エピローグ
「ふーん。なるほどねー」
王都。
王城の屋上で僕は綺麗なお月様を眺めながら喰らった記憶を吟味する。
喰らった記憶をまとめるのは結構大変なので、こうして時間があるときに一人で物思いにふける必要があるのだ。
とある組織の幹部だったギンザラ。
彼を喰らい、得られた記憶は非常に有能なものだった。
以前喰らった幹部であるザラリオとはマジで格が違うくらいの情報量の差だ。
まぁザラリオは幹部になったばかりだったらしいので、仕方ないらしいが。
それでもファートゥム以外の幹部の吸血鬼、誰も知らないのは可哀想だ。
とある組織。その組織の全貌がようやく手に入った。
今までずっとリーダー不明だったとある組織。そのリーダーはファートゥムなんだそうだ。ファートゥムをトップにファートゥムをあわせて全部で9人の幹部。そのうちの二人はすでに殺されているので、残り6人といった感じだ。
他の幹部たちの血鬼能力を把握できたのも大きい。
今後の戦うことになるだろうから、その時かなり役立ってくれるだろう。
とある組織。
その全貌よりも遥かに重要な情報をファートゥムは握っていた。
「悪魔崇拝者、ねぇー」
最早半ば伝説上となっている悪魔崇拝者。マリアお姉ちゃんの命を狙っている悪魔崇拝者。
それが僕のひとまずの敵だった。
彼らの目的は簡単。
以前僕が読んだ本に書かれていた『七人の少女の生贄は神へと捧げられ、厄災の誕生を祝福する。彼女らは孕み、絶望する。自らは厄災と奇跡を体現させ、奇跡と厄災の衝突を見届けん』という言葉をそのまま再現しようとしているらしい。

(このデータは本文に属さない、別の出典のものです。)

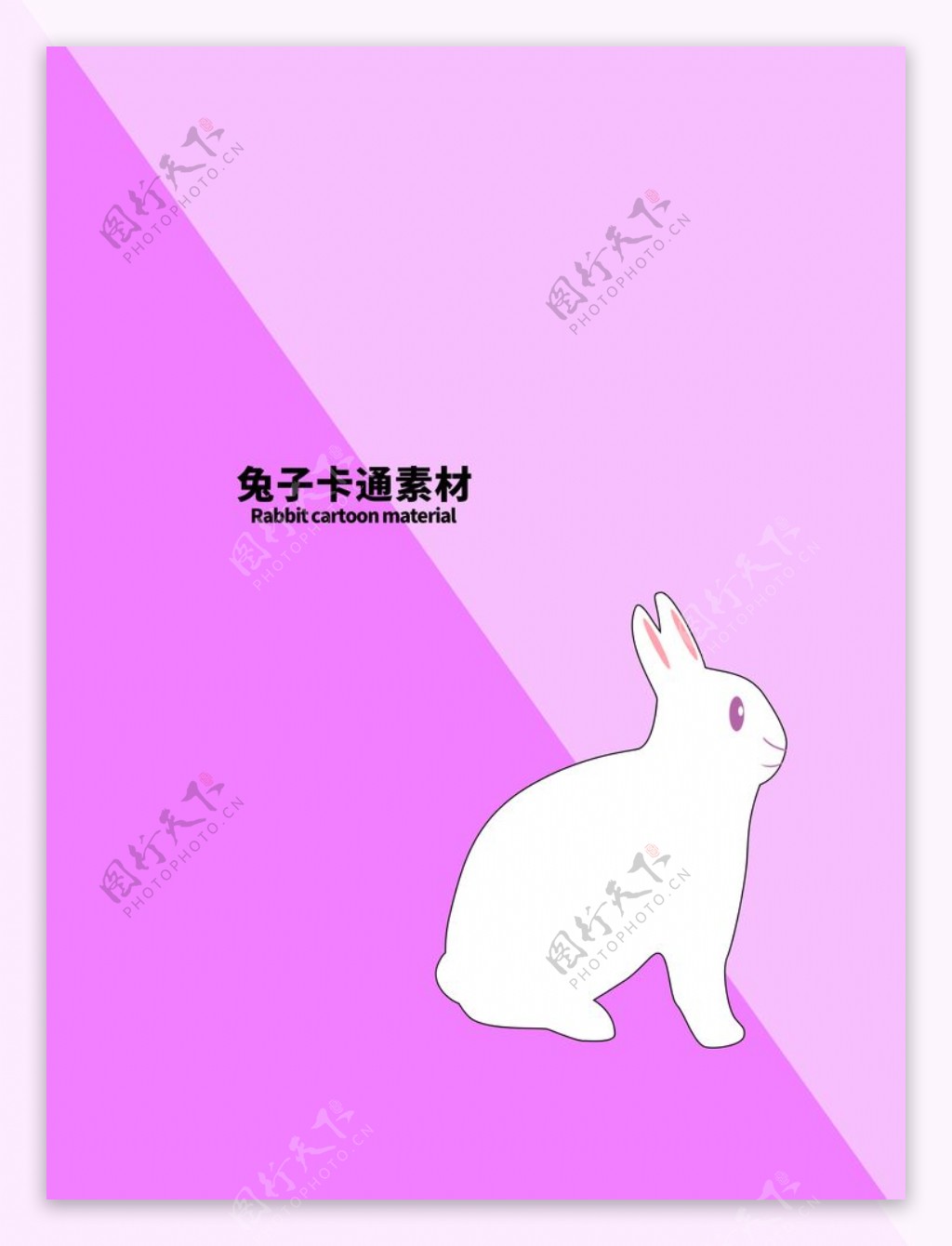 分层紫色对角兔子卡通素材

……なんで僕がたまたま読んだだけの本に敵の目的が乗っているんだ……ご都合主義か……。
まぁいいけどさ。
書いてある七人の少女が聖女のことらしい。
なんで神への生贄と捧げられるマリアお姉ちゃんを殺そうとしているのかは謎でしか無いのだが……。
何のためにマリアお姉ちゃんを殺すのか、その理由を残念ながらギンザラは知らなかった。

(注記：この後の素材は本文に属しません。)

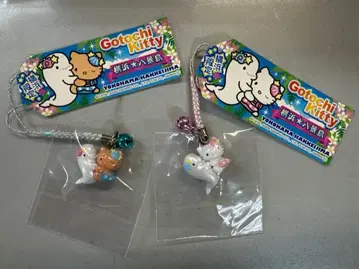 [2개 세트] 키티 요코하마 핫케이지마 스트랩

だが、悪魔崇拝者の連中が『七人の少女の生贄は神へと捧げられ、厄災の誕生を祝福する。彼女らは孕み、絶望する。自らは厄災と奇跡を体現させ、奇跡と厄災の衝突を見届けん』と叫んでいる記憶があるので、まぁ悪魔崇拝者の目的はあっているだろう。
悪魔崇拝者とかいうとんでもない考えをしている狂人の考えなんて僕がわかるわけないので、まぁ考えるだけ無駄だろう。